> Task prompt:
Transcribe the data that follows without changing a word, and omit the pictures.

> Information shown:
----

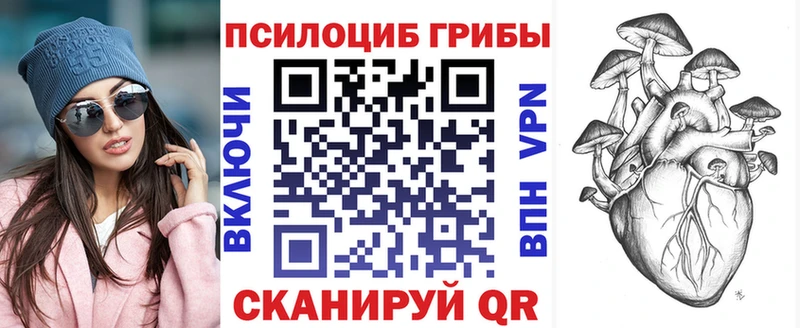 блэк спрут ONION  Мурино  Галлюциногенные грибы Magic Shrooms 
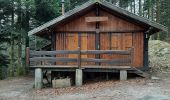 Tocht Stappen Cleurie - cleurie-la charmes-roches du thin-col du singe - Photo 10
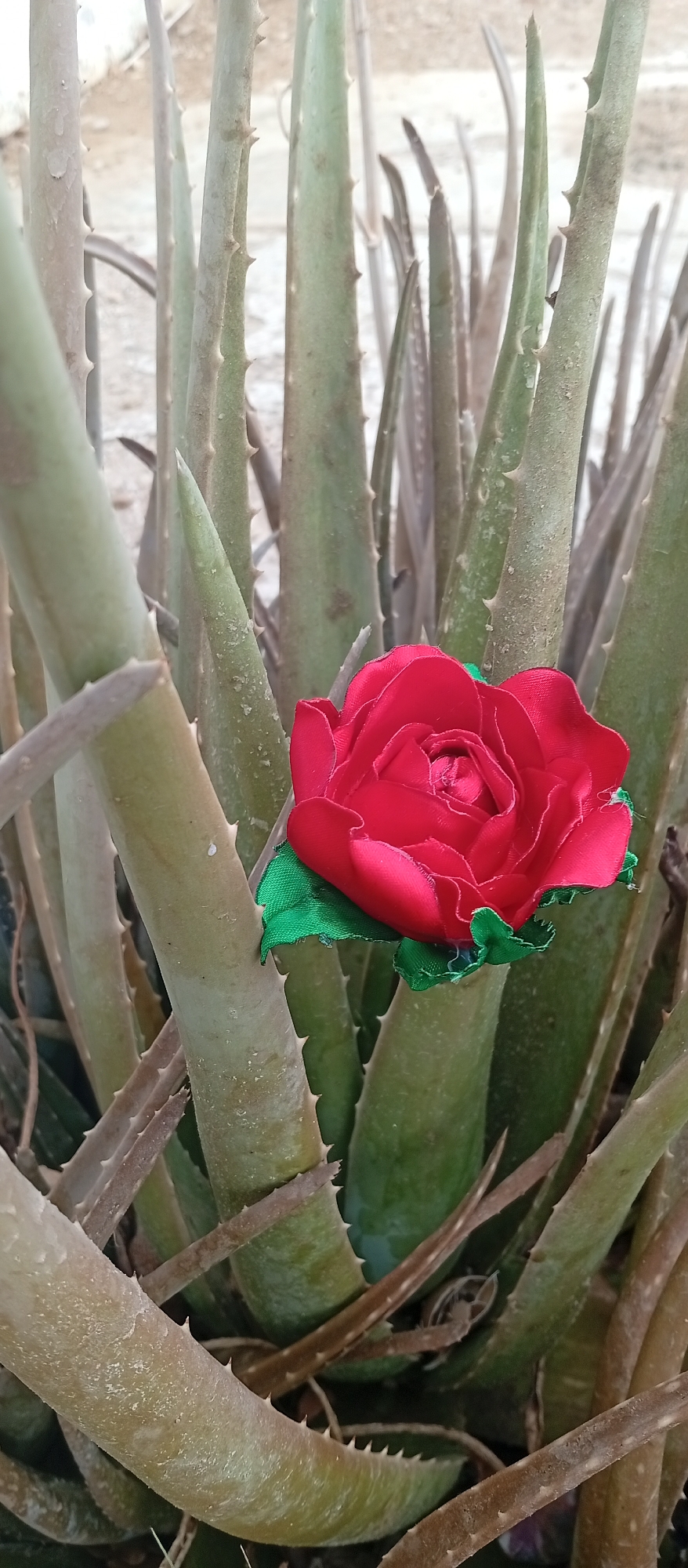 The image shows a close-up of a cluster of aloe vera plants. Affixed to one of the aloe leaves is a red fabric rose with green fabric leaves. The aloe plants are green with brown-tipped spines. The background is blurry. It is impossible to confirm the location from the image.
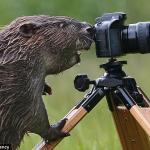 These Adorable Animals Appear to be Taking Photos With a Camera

----

> Output of the exercise:
 блэк спрут ONION  Мурино  Галлюциногенные грибы Magic Shrooms 
 Tocht Stappen Cleurie - cleurie-la charmes-roches du thin-col du singe - Photo 10
 The image shows a close-up of a cluster of aloe vera plants. Affixed to one of the aloe leaves is a red fabric rose with green fabric leaves. The aloe plants are green with brown-tipped spines. The background is blurry. It is impossible to confirm the location from the image.
 These Adorable Animals Appear to be Taking Photos With a Camera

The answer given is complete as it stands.